The Icelandic Student Loan Fund was rebranded in 2020 after a complete review of the former student loan system. According to a transitional provision in the Loan Fund’s laws, the system must be reviewed within three years after coming into effect, and the results are to be presented in the fall of 2023. During the last two and a half years, it has become clear that the new loan system is significantly flawed, in a way that can only be rectified by legislative changes.
The reform of the Icelandic student loan system did not yield the results students had hoped for. While changes were certainly made, the amount of funding did not; instead, existing funds were simply moved around. Therefore, students must first and foremost demand that the student loan system be adequately funded upon this year’s review, if it is to truly serve their needs.

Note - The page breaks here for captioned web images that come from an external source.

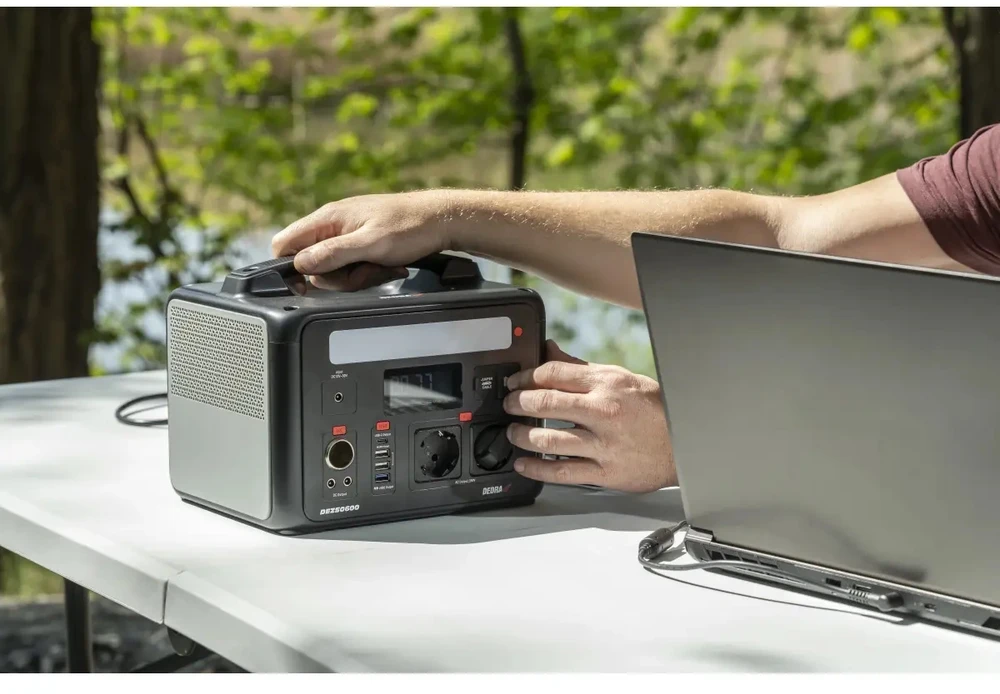 Dedra Stacja 600 W elektrinė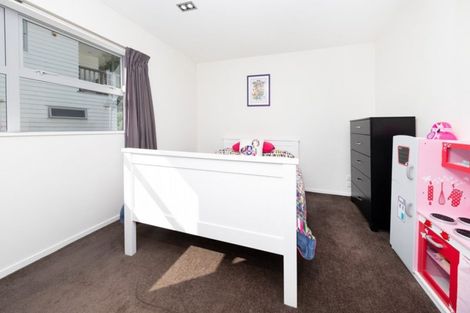 Photo of property in 2/49 Lysander Crescent, Beach Haven, Auckland, 0626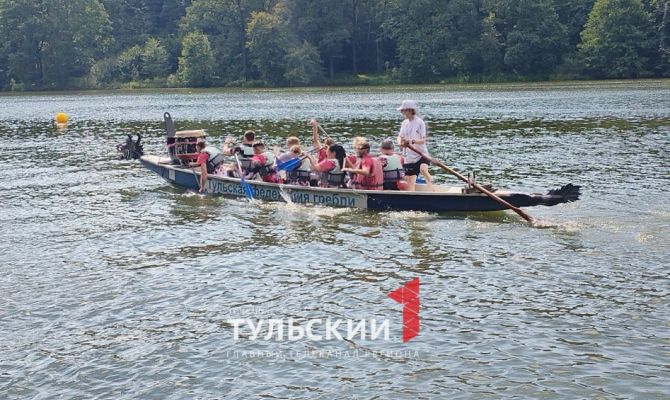 В Туле на реке Воронке стартовали гонки на «Драконах»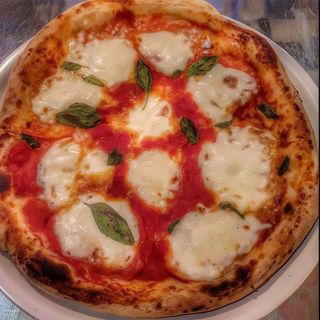 Pizza Margherita Ø 26cm + 1 sos gratis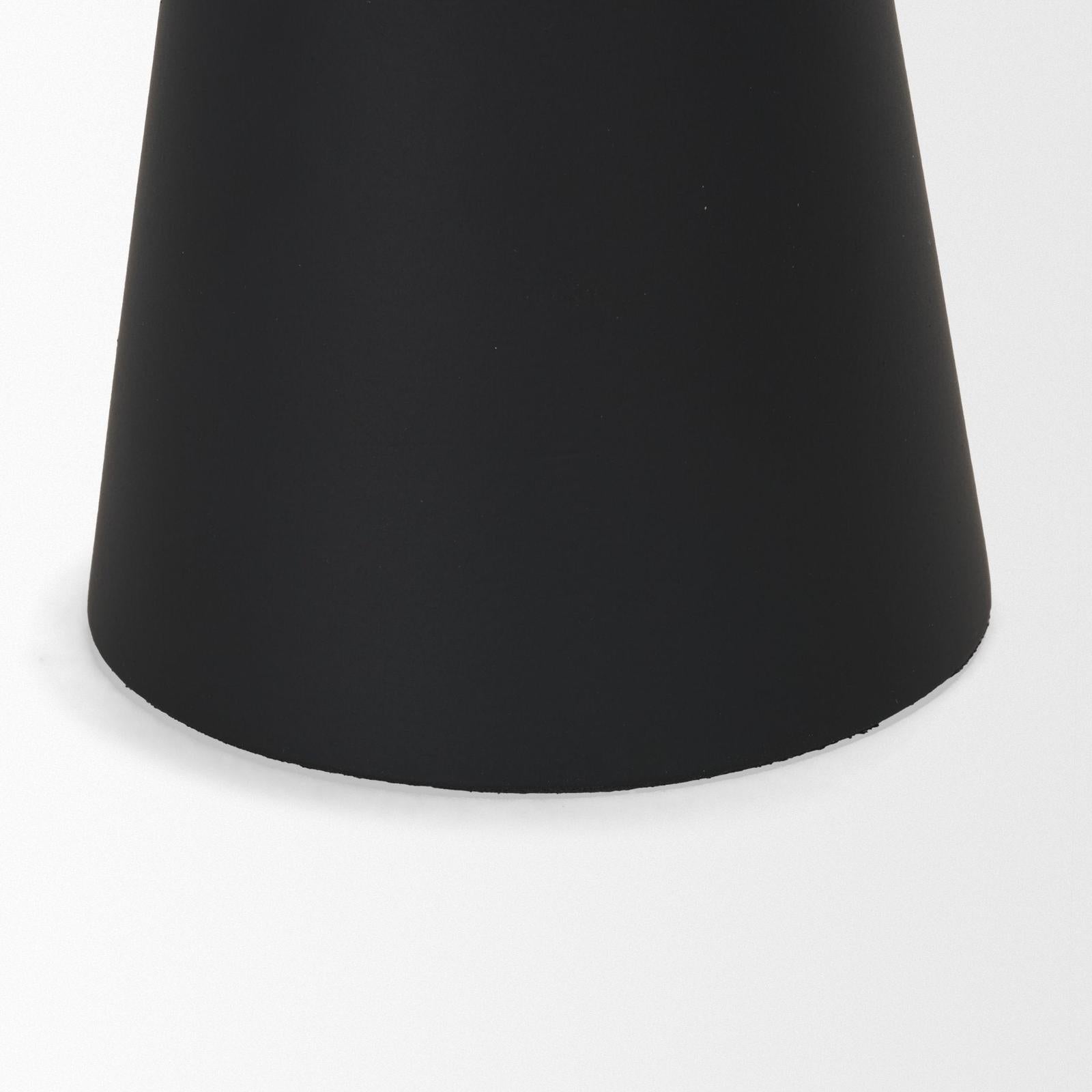 Mercana Odilia Metal Geometric Pillar Candle Holder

One of the pivotal changes necessary to improve the loan system is lowering the interest rate ceiling on student loans. Today, the interest rate cap is 4% for indexed loans and 9% for non-indexed loans. It’s important to note that the first draft of the Student Education Fund’s laws included no interest rate cap on loans, which would have made students extremely vulnerable considering the current economic situation. If it hadn’t been for students’ efforts, non-indexed loans would currently have a higher interest rate than 9%. However, the student movement’s fight for a better loan system is far from over - a lower interest rate cap is essential to provide financial protection for students.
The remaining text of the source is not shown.